Ce tome du Journal marque des moments importants : la mort du père et de la mère, le premier retour à Paris après la guerre, une certaine résignation face au fait d’être reconnue comme auteur, etc.

Le plus étonnant dans la lecture de ce tome, surtout si on le lit tout de suite avant ou après un des tomes de la jeunesse (le plus succulent dans la lecture d’Anaïs Nin, c’est de faire fi de la chronologie), c’est l’ampleur de la similitude et des changements. On voit là, concrètement, ce que c’est que de vieillir. On sent une sérénité plus grande, une énergie moins adolescente, moins éparpillée, et pourtant des traces de névroses encore très claires.

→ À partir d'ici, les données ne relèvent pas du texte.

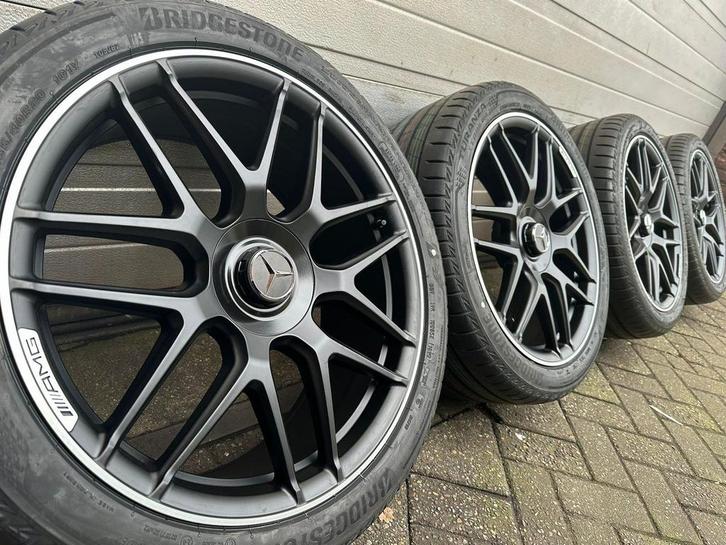 20 inc Mercedes S klasse S560 S63 S500 W222 W223 W221 velgen, Auto-onderdelen, Banden en Velgen, Banden en Velgen, Zomerbanden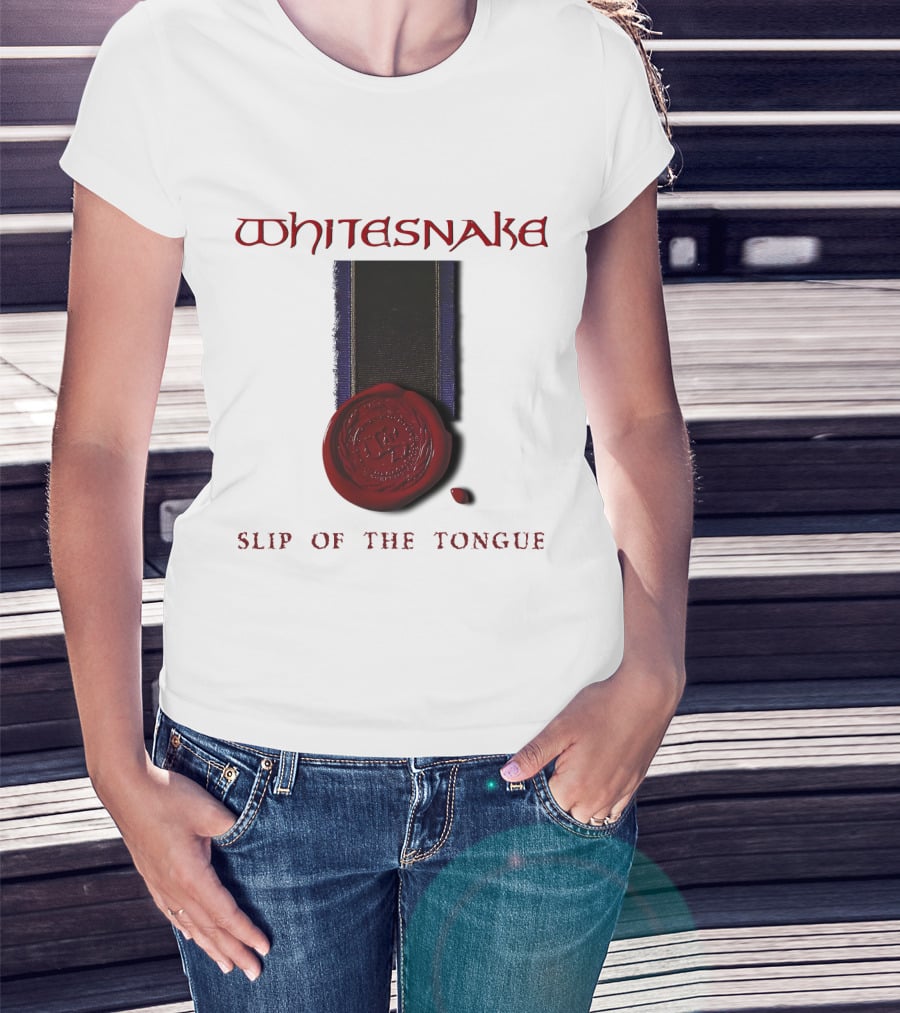 Whitesnake Slip Of The Tongue T-Shirt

Autre aspect frappant, Anaïs Nin tiendra son journal toute sa vie mais le style change. Autant à trente ans elle écrivait tous les jours, frénétiquement, à chaque heure, notant la moindre saute d’humeur, autant elle écrit maintenant sur une base moins fréquente. Certains passages sont donc à l’imparfait. Déjà des souvenirs d’il y a quelques mois. Comme si un détachement c’était opéré, même si le besoin de se raconter demeure.

Quand on lit Anaïs Nin on s’attache, et on apprend ce qui d’elle nous attire, ce qui nous repousse. Son regard sur le monde, sur la psychologie, est d’une acuité hallucinante. Des pages de ce journal sont carrément anticipatoires. D’autre part, tout son dialogue avec les marxistes qu’elle trouve trop préoccupés par la structure et pas assez par le cheminement de l’individu jure avec notre époque où, au contraire, plus personne ne s’intéresse aux questions structurelles. Par contre, faites-la taire quand elle se plaint de sa non reconnaissance, tellement convaincue de son talent qu’elle refuse le jugement des maisons d’éditions qui lui renvoient ses romans. Dans ces pages-là je la trouve insupportable.

Cela peut sembler un choix étrange mais je vous offre un extrait écrit par Jim, le grand ami d’Anaïs à l’époque, qu’elle a recopié dans son Journal.

Du même auteur : Inceste

Par Catherine

Extrait :

Hier, dans la pièce, Anaïs entre le soleil et moi. La chevelure illuminée, la fumée de cigarette s’élevant tout autour, grise, et puis bleue comme un rêve. Je voulais me lever et traverser la fumée pour explorer, toucher sa main. Je vois, d’après son Journal, que je ne suis pas le seul à la trouver irréelle : tout le monde l’a vue de cette manière, comme si on n’osait sourciller de peur que… pffft ! Cela fait partie de sa beauté, cette manière de ne pas être là tout à fait, comme un rêve. Je m’en aperçois moins maintenant parce que notre amitié est humaine, plus forte, et qu’elle a une fibre dans la réalité, mais, à des moments comme ceux-là, je vois l’aspect essentiellement spirituel.
Anaïs ne sera jamais maîtresse des formes artistiques. Cette faille est le prix que paient ses romans, en échange de la parfaite intégration de l’art et de la vie réalisée dans le Journal. Où est la forme dans le Journal ? La vie ? La vie est la grande œuvre. Sa solidité est dans la personne, pas dans l’artiste. L’unité du Journal est créée par la personne, pas par l’artiste. L’unité du Journal est dans la personne, pas dans l’artiste. Il y a une lumière brillante, superélectronique, la personne, aveugle de naissance, qui travaille à une seule chose, abattre les murs, supprimer les voiles, les écrans, les rideaux qui obstruent la lumière.
L’art d’Anaïs Nin est l’art de l’improvisation, son éclat et sa beauté, le résultat de moments de jazz, dans un monde de vision parfaite.